Before Hamilton, there was West Side Story. And the use of West Side Story in political battles is a cautionary tale about how one message on stage may become another in politics.
West Side Story debuted in 1957 and immediately became part of the national conversation about juvenile delinquency. Unlike Hamilton’s fresh perspective on the past, West Side Story was up-to-the-minute, taking an old tale of youthful love and dropping it into 1950s New York. The musical was less about Tony and Maria—the updated Romeo and Juliet—than the Jets and the Sharks.
Gangs combined the long-term troubles of continued segregation and inequality with the new trends of changing migration and demographics at the beginning of the postwar baby boom. Just two years prior to West Side Story’s debut, Rebel without a Cause and Blackboard Jungle dramatized the sense that youths were careening out of their parents’ control and were increasingly in control of the streets.

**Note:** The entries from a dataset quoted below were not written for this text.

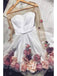 Exquisite Tulle Longsleeves 3D Appliques A-line Homecoming Dresses HD480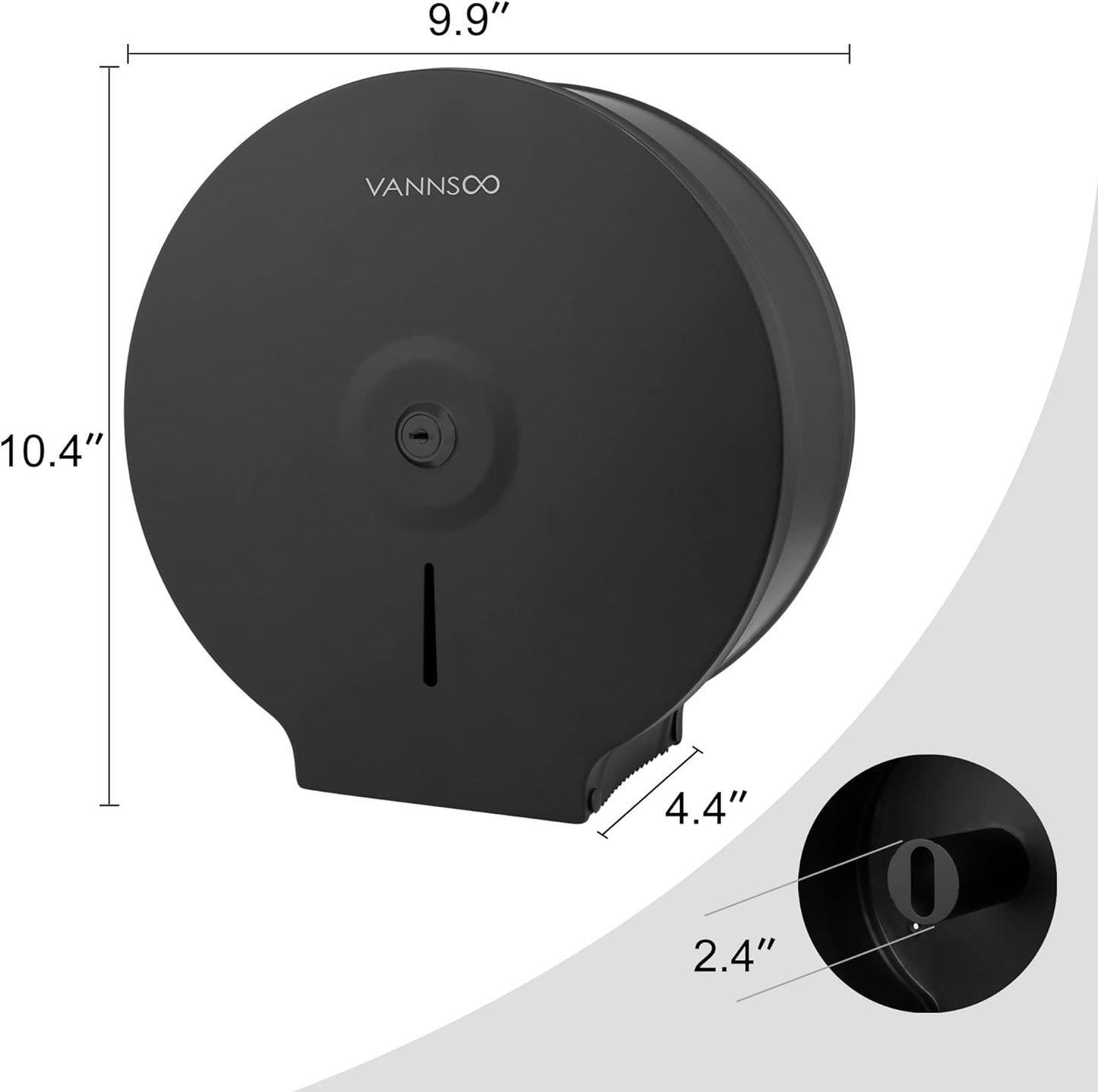 Commercial Jumbo Toilet Paper Dispenser, Wall Mount Stainless Steel | 9 Inch Roll Toilet Paper Holder Bath Tissue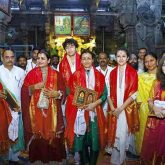 Namrata Shirodkar takes off to Tirupathi in a private plane with kids Gautham and Sitara Ghattamaneni, sister Shilpa Shirodkar, and others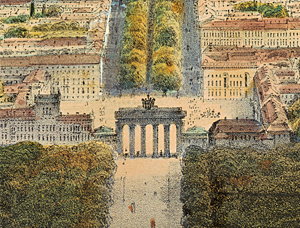 1846 Loeillot: Berlin aus der Vogelschau 1846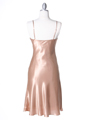 4948 Gold Sequins Charmeuse Party Dress - Gold, Back View Thumbnail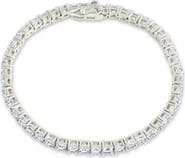 Sterling Forever Brette Cubic Zirconia Tennis Bracelet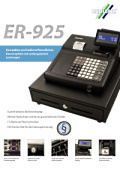 Datenblatt Registrierkasse Multi Data ER-925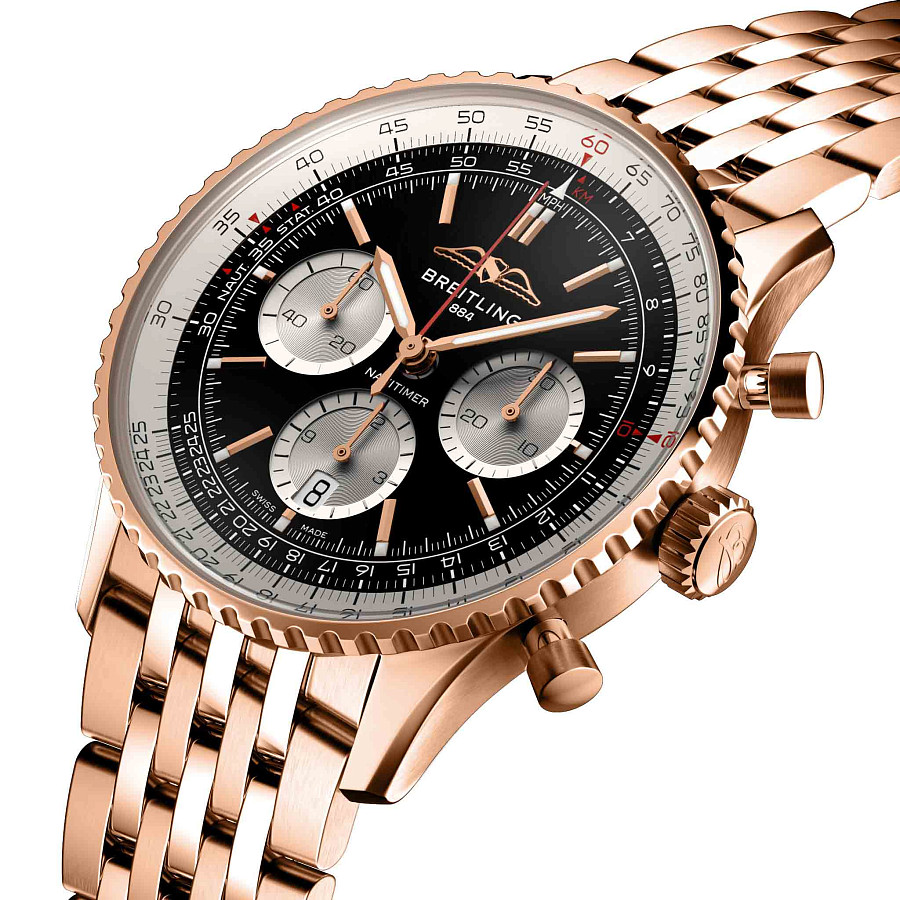 Часы Breitling Navitimer B01 Chronograph 43 RB0138211B1R1 — Швейцария, механические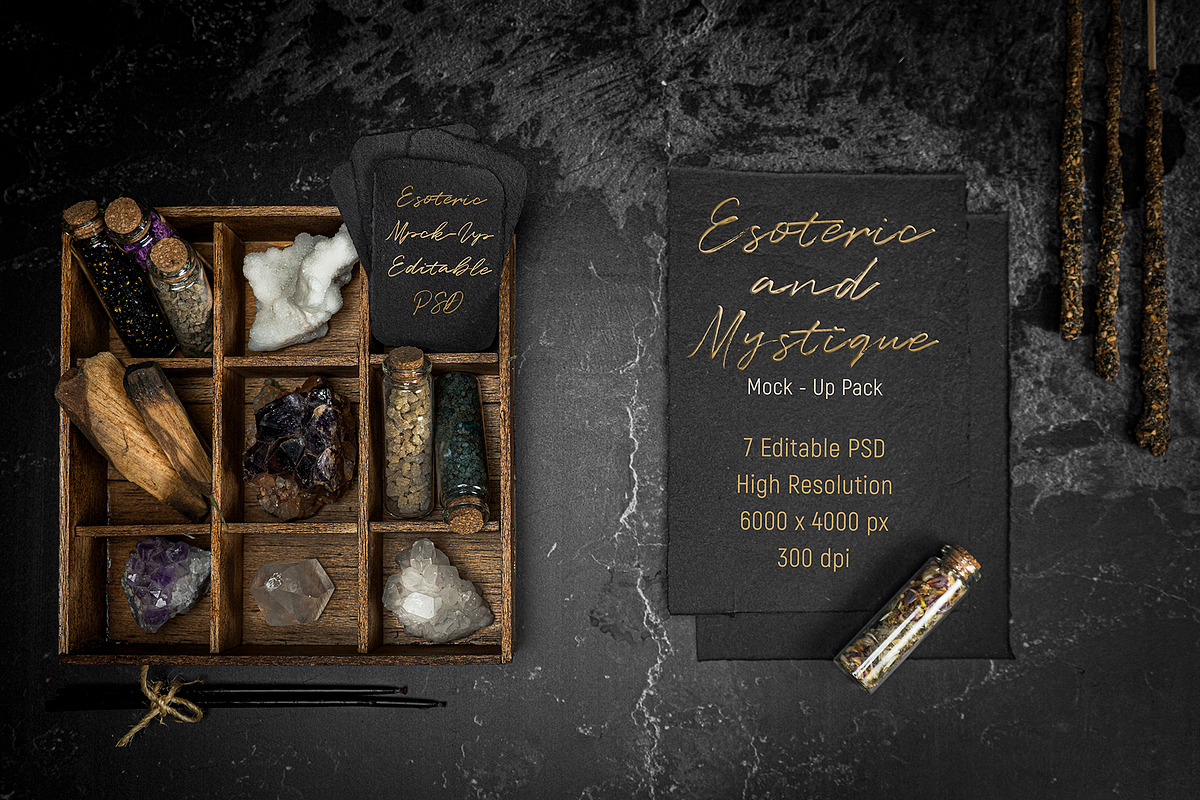Esoteric and Mystique Mock-up Pack, a Merchandise Mockup by Motion-Box (Photo 1 of 8)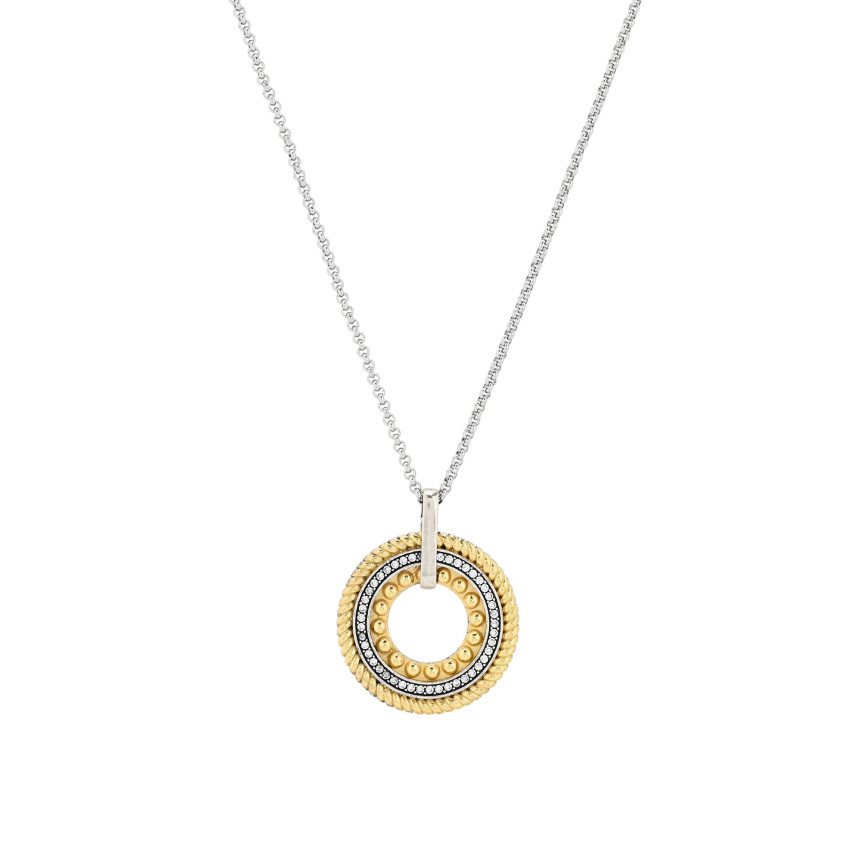 Collier classique en rhodium GB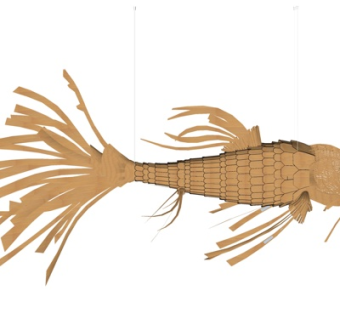 现代狮子鱼摆件su模型
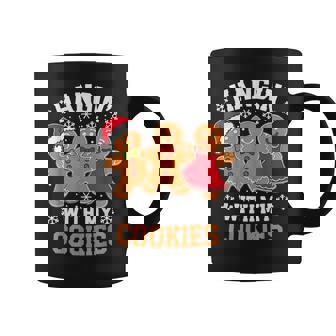 Hangin With My Cookie シャツ メンズ レディース ジンジャーブレッド クリスマス コーヒーマグ - Kawaiitshirt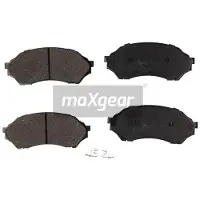 MAXGEAR Jarrupalasarja (4kpl), levyjarru 19-1142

West Side Story changed the perception of these youth by recognizing that they were not isolated troubled teenagers but the result of continued discrimination and representative of larger social problems. The showstopper “Gee, Officer Krupke” skewered social workers, lawyers, and psychologists for the bureaucratic circles that failed to address the longing and aspirations of growing numbers of young people. And the show eviscerated the idea of the American dream of self-reliance and open opportunity. The wizened Doc berates the Jets that “You make this world lousy.” “That’s the way we found it, Doc,” a Jet replies.
All this attention to gang members prompted more concerted political action. In May 1961, President John F. Kennedy initiated a commission on youth crime; in September, Congress passed the Juvenile Delinquency and Youth Offenses Control Act, which gave additional resources to state and local communities to combat crime among youth. When later asked why such attention and money was given to the issue, the Kennedy administration official in charge gave one brief answer: “West Side Story.” What began as a sympathetic portrayal of wayward youth resulted in a greater focus on crime and the bolstering of police presence, a consequence that is still with us.
Every night, there is one line of Hamilton that gets more applause than any other. The Marquis de Lafayette and Hamilton begin the renewed effort at war that would result in the colonists’ victory with the statement: “Immigrants. We get the job done.” How Hamilton’s take on immigrants will fare in the age of Trump may be less easy to predict than the creators and cast believe. One of the wonders of Hamilton-the-musical is the way in which Alexander Hamilton—an elitist who believed in a strong federal government—has been revitalized as an immigrant populist speaking for a diverse America. We may watch in wonder, too, as a strong endorsement of the contributions of immigrants becomes subverted in a new political era.